Posiblemente a muchos nos parezca que, hablar de pecados inconscientes es imposible o se trate de una justificación para no reconocer nuestra culpa. No obstante, lo cierto es que, podemos pecar sin estar consciente de ello. Cuando hablamos de pecados inconscientes, es aquellos pecados que pasan desapercibidos por nosotros, posiblemente por la rutina del día a día. Pero ¿qué hacer en relación a ellos?
En el camino de la santificación personal, es importante reconocer el papel fundamental de la Escritura para nuestro crecimiento, y es a través de ella que viene el conocimiento real de nuestra condición con el Señor. La Escritura, es como un espejo en el cual podemos ver la condición del corazón y discierne ciertamente lo que hay en él. En ese sentido, David escribe:
¿Quién podrá entender sus propios errores?
Líbrame de los que me son ocultos. (Sal 19:12.) En la NVI, se lee: “¿Quién está consciente de sus propios errores? ¡Perdóname aquellos de los que no estoy consciente!“
En este salmo, David está exaltando la Ley de Dios (vv.7), dice que ella es perfecta, es recta, que restaura, que es dulce y verdadera. Y es ante la luz de la Ley, que David dice: ¿Quién está consciente de sus propios errores? ¡Perdóname aquellos de los que no estoy consciente!. Al contemplar la pureza de la Ley, el salmista comprende que su corazón es débil y que tiende a transgredir los mandamientos del Señor. Cuando profundizamos en la Escritura, guiados por el Espíritu Santo, no podemos más que dar gracias por su amor y también confesar nuestros pecados, ¡incluso aquellos que pasamos por alto! Escribe Derek Kidner, al respecto de este versículo:
“Fue la ley mosaica la que hizo estas distinciones internas entre los pecados, pero tuvo éxito (como muestran estos versículos) en no permitir ningún pecado. El versículo 12a reconoce que una falta puede ocultarse no porque sea demasiado pequeña para verla, sino porque es demasiado característica para registrarla.“[1]

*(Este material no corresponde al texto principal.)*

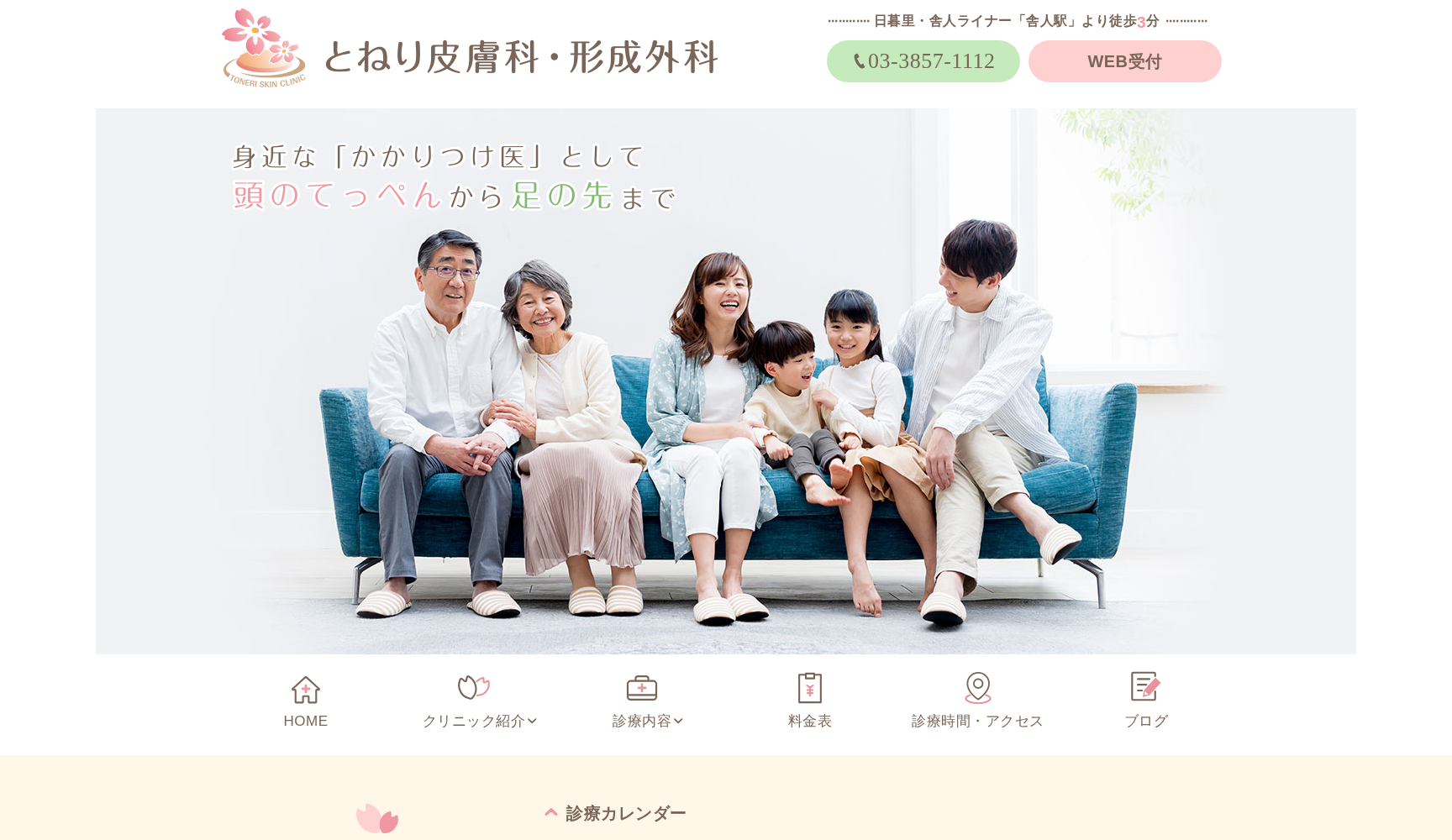 医療法人社団アステリア とねり皮膚科・形成外科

Pecamos sin darnos cuenta, porque lo vemos como algo normal. Una mentira, tomar algo que no nos pertenece, murmurar, cosas del día a día que se han vuelto parte de nuestra cotidianidad, pero de las cuales debemos arrepentirnos delante del Señor.
Escribe Agustín de Hipona:
“¿Qué dulzura puede existir en los pecados, si no es posible conocerlos? Porque ¿quién conoce los pecados que ciegan el mismo ojo al que es dulce la verdad, al que resultan apetecibles y dulces los juicios de Dios; y al igual que las tinieblas ciegan los ojos, así los pecados ciegan la mente, y no dejan ni ver la luz, ni verlos a ellos?“[2]
Llama mi atención lo que comenta Agustín, cuando dice “así los pecados ciegan la mente y no dejan ni ver la luz, ni verlos a ellos”. Estos pecados que cometemos de forma inconsciente, se han vuelto tan normal porque no los hemos confrontado por la Escritura.
Con esto, no quiero promover una especie de legalismo paranóico, sino más bien, mi idea (que por experiencia propia digo) a compartir es que, escudriñemos las Escrituras en el poder del Espíritu Santo y abramos nuestro corazón, de tal modo que también podamos decir con el salmista:
Examíname, oh Dios, y conoce mi corazón;
Pruébame y conoce mis pensamientos;
Y ve si hay en mí camino de perversidad,
Y guíame en el camino eterno. (Salmos 139:23-24)
Señor, examina nuestro corazón, y perdona los pecados que nos son ocultos.
[1]Derek Kidner, Psalms 1–72: an introduction and commentary, vol. 15, Tyndale Old Testament Commentaries (Downers Grove, IL: InterVarsity Press, 1973), 117–118.
[2]Augustine of Hippo, «Expositions on the Book of Psalms», en Saint Augustin: Expositions on the Book of Psalms, ed. Philip Schaff, trad. A. Cleveland Coxe, vol. 8, A Select Library of the Nicene and Post-Nicene Fathers of the Christian Church, First Series (New York: Christian Literature Company, 1888), 55.